There are few more local places to find football than Essex, especially to Toms East London residence, so it’s a short hop in the car towards a new ground, for our final match of the year.
It’s been a very quiet festive period for us, sadly it always is. Tom is off at his Mums and I’m playing countless rounds of Cluedo, which it turns out I’m very good at and trying to find the perfect Pokemon themed case for a Nintendo 2DS XL, so it’s good to be able to enjoy the tailend of the seemingly endless amount of football on at the moment.
“Feels like we’re heading to nowhere” says Tom, the other side of the A13 looking increasingly desolate.
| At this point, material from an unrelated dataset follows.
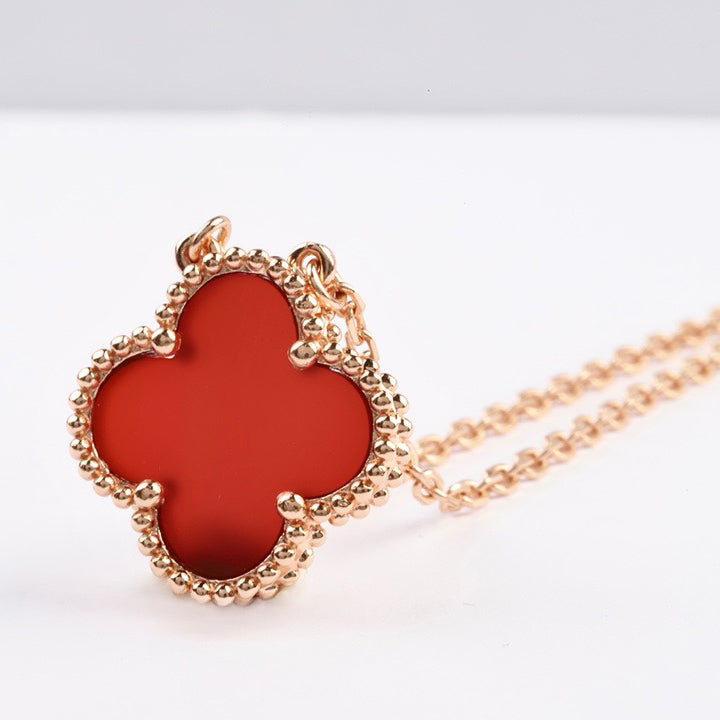 [Agudo Jewelry]CLOVER 15MM CARNELIAN SINGLE FLOWER NECKLACE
The bare litter filled trees, with their spindly branches like fingers catching all the roadside refuse, somewhat obscure today’s venue. Finally a break in them allows us to get our first glimpse of the royal blue stand of Parkside, and the shimmering silver Aveley FC (AFC), written across it.
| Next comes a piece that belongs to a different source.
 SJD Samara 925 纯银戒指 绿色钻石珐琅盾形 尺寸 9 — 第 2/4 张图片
It’s a mild day, much milder than one would expect for late December. For now the sky is clear and blue, a light blue, a blue that’s not quite as perfectly dulux colour chart blue as the main stand of AFC’s brand new home.
Our admiring of the ground is somewhat interrupted by the most brutal of speed bumps in the car park, the yellow and black striped bastard nearly snapping my car in two.
“Welcome to Parkside” it says above the crest covered double doors, however it’s not just the words over the entrance that greets us, but also Craig, AFC’s JOB.
Before heading in, I think it necessary to pass comment on one observation I’ve already made. As nice as our surroundings are so far, those speed bumps nearly dislodged my fillings, they’re like something you might find outside an embassy to stop a runaway HGV, but Craig is nonplussed, “they do the job” he says smirking, with the look in his eyes, that I’m not the first person to have been caught out by them.
Through the doors and into the heart of Parkside, it’s hard not to be overcome with an immediate sense of dejavu. The feeling of ‘we’ve been here before’ funnily enough is related to AFC’s opponents today A.F.C. Sudbury (SUD). The glass fronted two tiered clubhouse is a near replica of SUD’s very own home the King’s Marsh Stadium.
“I like the newness” says Tom, “feels like it was opened today” he adds. Not quite today, but not that long ago, August 2017, so it still has that newly decorated smell, and there is the definite air of an Ikea showroom about the place. Not awash with much colour, the single Santa Claus on one wall between two wreaths, and a sparsely decorated Christmas tree in one corner, therefore stand out a bit.
Craig who has gone from door man to bar man, polishes the long bar, as well as doing the last bit of mopping, upholding the non league tradition of the hands on board member.
He lets out an almighty sigh when I ask him how he thinks today will go. “Two sides struggling for confidence” he explains, two teams with indifferent form at the moment makes it hard for him to put his finger on how it will pan out.
When the conversation turns towards Parkside, Craig bristles with pride, reeling off a list of National League sides who train here, a “testament” to the high standard of the “facilities”. In his role not only as Chief Executive of AFC but also as Vice Chairman of the Bostik League (Isthmian League) he has visited a fair few grounds in his time, creating a vast mood board in his brain, keeping note of “little bits and pieces” from which he drew upon when it came to drawing up the plans.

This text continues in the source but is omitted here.